Mesela üç kardeşli bir ailede, kardeşlerin en küçüğü diğerlerine göre özel bir ihtimamla büyütülmekte. Diğer iki çocuğa göre üzerine titrenilerek büyütülse de hiçbir çocuk ailenin en küçüğü olmaktan pek hazzetmiyor. Her şeyi yapabileceğine herkesi ikna etmeye çalışmak gibi kalıcı bir alışkanlık edinebiliyor çünkü. Güçlü olduğunu göstermek için sürekli ekstra çaba harcıyor.
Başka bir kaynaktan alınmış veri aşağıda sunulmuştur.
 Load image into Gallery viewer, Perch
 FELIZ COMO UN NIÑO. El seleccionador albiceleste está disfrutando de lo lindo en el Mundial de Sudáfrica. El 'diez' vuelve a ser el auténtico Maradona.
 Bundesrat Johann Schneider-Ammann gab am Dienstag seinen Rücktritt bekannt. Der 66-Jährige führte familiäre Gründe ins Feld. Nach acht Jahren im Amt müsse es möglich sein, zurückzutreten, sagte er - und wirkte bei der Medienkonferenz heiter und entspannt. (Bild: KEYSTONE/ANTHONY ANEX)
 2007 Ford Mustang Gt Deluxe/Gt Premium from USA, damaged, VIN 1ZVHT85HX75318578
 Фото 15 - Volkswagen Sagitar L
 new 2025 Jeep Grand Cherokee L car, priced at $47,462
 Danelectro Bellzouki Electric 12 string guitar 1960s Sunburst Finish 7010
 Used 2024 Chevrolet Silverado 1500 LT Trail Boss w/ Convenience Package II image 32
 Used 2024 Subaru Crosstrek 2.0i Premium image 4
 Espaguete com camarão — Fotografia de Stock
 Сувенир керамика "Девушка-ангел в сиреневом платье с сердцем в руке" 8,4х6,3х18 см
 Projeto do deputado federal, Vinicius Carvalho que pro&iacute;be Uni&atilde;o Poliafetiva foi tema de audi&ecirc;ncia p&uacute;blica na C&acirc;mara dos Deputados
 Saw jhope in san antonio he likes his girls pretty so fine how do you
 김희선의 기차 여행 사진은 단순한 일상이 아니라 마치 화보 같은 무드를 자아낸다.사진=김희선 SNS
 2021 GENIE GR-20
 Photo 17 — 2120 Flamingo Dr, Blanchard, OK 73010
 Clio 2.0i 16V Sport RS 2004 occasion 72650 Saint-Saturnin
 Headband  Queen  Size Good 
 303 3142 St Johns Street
“Kelebekler”deki üç kardeşin en küçüğü olan Suzan gibi. Özellikle de biraz alkol alınca erkekleşiyor, küfürlü konuşmaya başlıyor, sağa sola sataşıyor kendini ispatlamak ve sözünü dinletebilmek için. Üç kardeşin intihar eden annelerinden en çok ilgiyi gören de odur halbuki. Anne bütün masallarını ona anlatmıştır. Kocasıyla olan problemi ise adamın hep kendi işlerini öne çıkararak Suzan’ı yine ‘küçük bir çocuk’ gibi ezmesidir.
En küçük çocuk bazen dağılmak üzere olan bir aileyi de bir arada tutan kişi olabiliyor. Nitekim “Kelebekler”de Cemal ve Kenan arasında bir köprü vazifesi de görüyor Suzan çıktıkları yuvaya dönüş yolculuğunda. En büyük kardeş Cemal, babadan kardeşleriyle birlikte çocukluklarının geçtiği Hasanlar köyüne gelmeleri çağrısını alır. Böylelikle ilk çocuk olarak da ilk adımı o atar. Almanya’da astronot olmak için bir kariyer yapmış olsa da, uzaya çıkamamıştır henüz ama insanlık için küçük kendisi için büyük bu ilk adımı atmak ister. İlk çocuk, diğer kardeşlerin her anlamda büyüğü olmak gibi bir anlayışa sahiptir. Vücut olarak da, kafa olarak da, kariyer olarak da hepsinden büyük olmalıdır. Ama henüz uzaya çıkamamıştır Cemal. Bu yüzden Cemal söylediğinin yapılması için ısrarcı davranır, yumuşak başlı ama inatçıdır. Özellikle de Kenan’a karşı. Büyük çocuk ortanca çocuk için aşılması gereken bir kişidir. Kendi önünde bazı avantajları ondan önce ilk defa yaşamış biri vardır çünkü. İkinci çocuklar bu yüzden kendilerine yüksek hedefler koyarlar, bazen o kadar yüksek olur ki bu hedefler, sonuç hep hüsrandır. Kenan iyi ve popüler bir oyuncu olacağım derken komik videolarda seslendirmeci olarak çalışmakla yetinmek zorundadır. Hayal ettiğiyle yaşadığı birbirinden o kadar uzaktır ki iç huzurunu bir türlü yakalayamaz.